Parmi ces 20 acides aminés, 8 ne peuvent ni être fabriqués par le corps, ni être stockés. Il est donc nécessaire de les amener par l’alimentation. Ces acides aminés sont dits essentiels. Trois d’entre eux sont connus de la sphère sportive : leucine, isoleucine et valine. Les célèbres BCAA sont incontournables pour l’anabolisme musculaire et la récupération.
fruits oléagineux

3. Quoi manger pour avoir les protéines nécessaires ?
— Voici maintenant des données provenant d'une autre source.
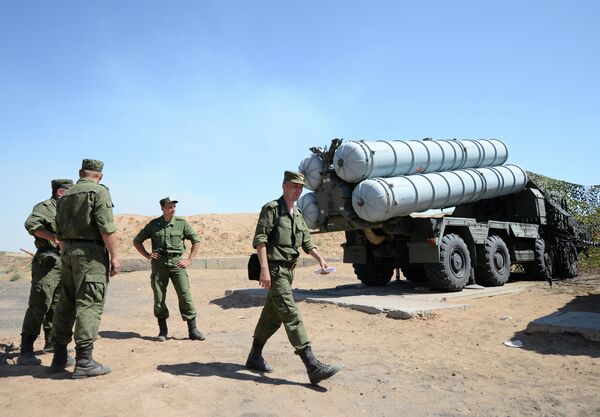 S-300 long range surface-to-air missile systems at the Ashuluk firing range in Russia’s southern region of Astrakhan - Sputnik International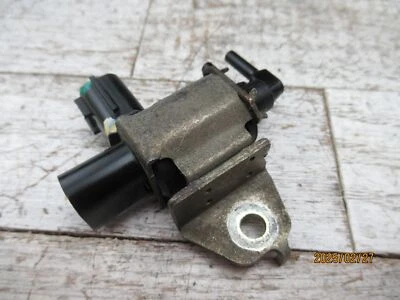 Клапан вакуумного переключателя управления продувкой Nissan INFINITI 350z G35 Maxima VIAS K5T46673 - Изображение 1 из 4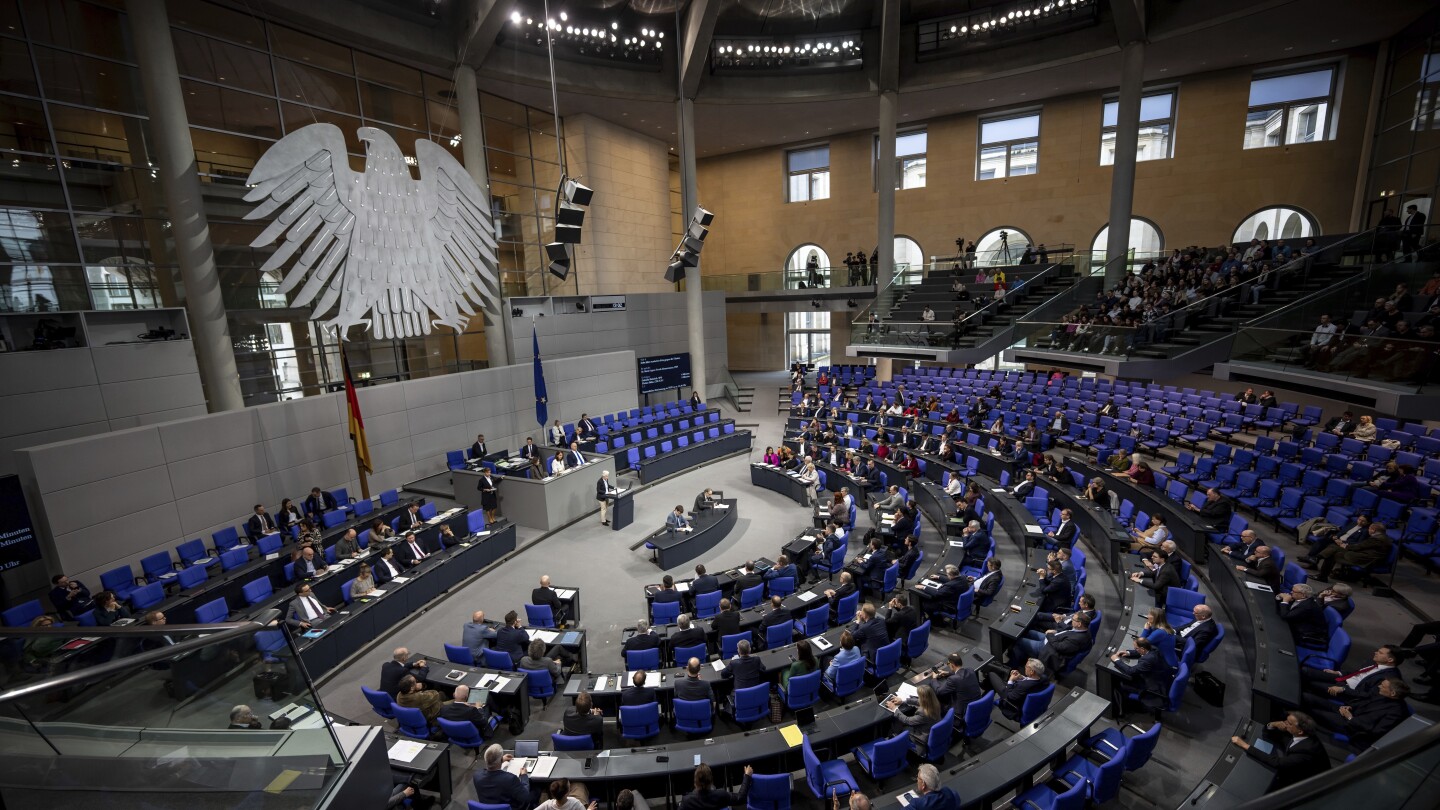 German lawmakers back sending further long-range weapons to Ukraine, but vague on details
Les protéines se retrouvent sous deux formes dans l’alimentation : soit dans les aliments d’origine animale, soit dans les aliments d’origines végétales.
Ainsi, on peut varier notre alimentation en consommant d’un côté : les volailles, viandes, charcuterie, abats, les œufs, les produits laitiers, les poissons et autres produits de la mer. Bien sûr, on tiendra compte de la teneur en lipides de certaines parties de ces aliments avant d’en consommer de manière trop récurrente.
De l’autre côté, nous avons des protéines au sein d’aliments tel que : les légumineuses, les graines, les céréales et les fruits oléagineux.
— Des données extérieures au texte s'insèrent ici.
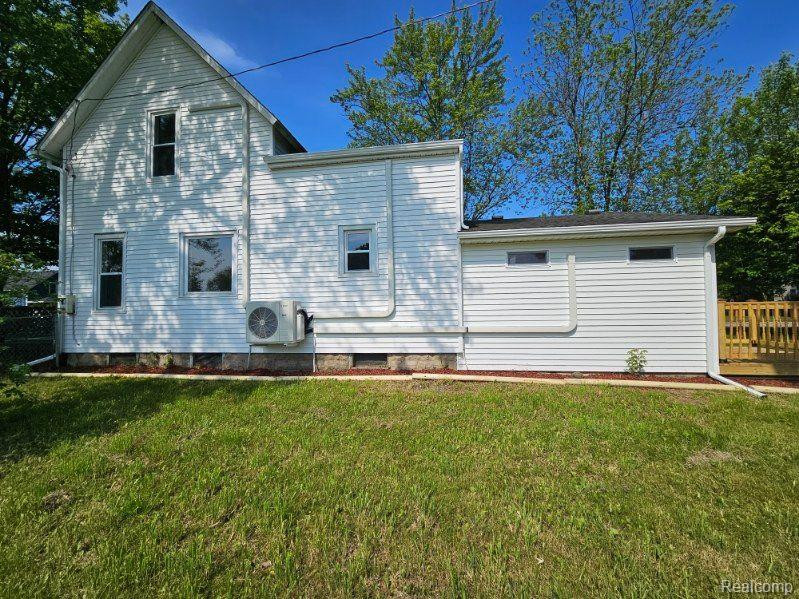 411 LYTLE Avenue, Harbor Beach, MI 48441 — Photo 2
4. La valeur biologique des protéines

L’absorption des protéines ne se fait pas de la même manière selon si elle est d’origine animale ou végétale. En effet, une protéine animale a un pourcentage d’absorption et d’utilisation supérieur à la protéine d’origine végétale. Leur valeur biologique est dite supérieure, et ce grâce au fait qu’il contient tous les acides aminés essentiels. Ce qui procure à ce type de protéine une meilleure synthèse au niveau musculaire.
Pour les protéines végétales, la difficulté réside au fait qu’en fonction de l’aliment végétal présenté, celui-ci peut être dépourvu en un ou deux acides aminés essentiels, et la quantité n’est pas suffisante pour remplir correctement ses fonctions. On dit qu’ils ont des facteurs limitants. Par exemple, pour les légumineuses il s’agit de la méthionine et de la cystéine et pour les céréales, de la lysine. Le simple fait de faire un combo des deux, riz-lentilles ou semoule-pois chiches permet de rétablir l’apport des 8 acides aminés.
Des exceptions existent pour le quinoa et le soja qui contiennent l’ensemble des acides aminés essentiels.